Incidentalmente, en otra entrevista –conducida en su villa a la orilla del mar en Dubrovnik, Croacia–, Benmosche declaró que la edad para jubilarse debería subir a los 70 y hasta los 80 años.
El asunto es que, en líneas generales, los ricos se han salido con la suya. Se rescató a Wall Street, pero no a los trabajadores y a los dueños de casas.
Nuestra llamada recuperación no ha hecho mucho por los trabajadores ordinarios, pero los ingresos para los que están en la parte más alta se han elevado: casi todas las ganancias desde el 2009 hasta el 2012 han ido a parar al 1% más rico y casi un tercio al 0,01 más rico; es decir, la gente con ingresos por más de $10 millones al año.
Entonces, ¿a qué se debe el enojo? ¿Por qué los lloriqueos? Y tomen en cuenta que los reclamos de que hay persecución contra los ricos no vienen de unos cuantos charlatanes pues han estado en todas las páginas de opinión y, de hecho, fueron tema central en la campaña presidencial de Romney el año pasado.
Bueno, tengo una teoría: cuando uno tiene tantísimo dinero, ¿qué está tratando de comprar al seguir acumulando aún más? Ya tiene múltiples mansiones, los sirvientes, el jet privado… Lo que en realidad quiere es adulación, quiere que el mundo se rinda a sus pies por los éxitos que amasa.

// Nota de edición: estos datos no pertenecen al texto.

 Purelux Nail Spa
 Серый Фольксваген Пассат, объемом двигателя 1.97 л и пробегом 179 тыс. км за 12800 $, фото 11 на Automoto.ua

Y, por ese motivo, la idea de que gente en los medios de comunicación, en el Congreso y hasta en la Casa Blanca ande diciendo cosas críticas respecto a personas como uno lo vuelve loco.
Por supuesto, es algo increíblemente baladí. Pero el dinero trae poder y, gracias a la creciente desigualdad, estas personas baladíes tienen mucho dinero.
De ahí que sus lloriqueos, su enojo por no recibir deferencia universal, puedan tener consecuencias políticas reales.
¡Hay que temer a la ira de ese 0,01%!
Traducción de Gerardo Chaves para La Nación
Paul Krugman es profesor de Economía y Asuntos Internacionales en la Universidad de Princeton y Premio Nobel de Economía del 2008.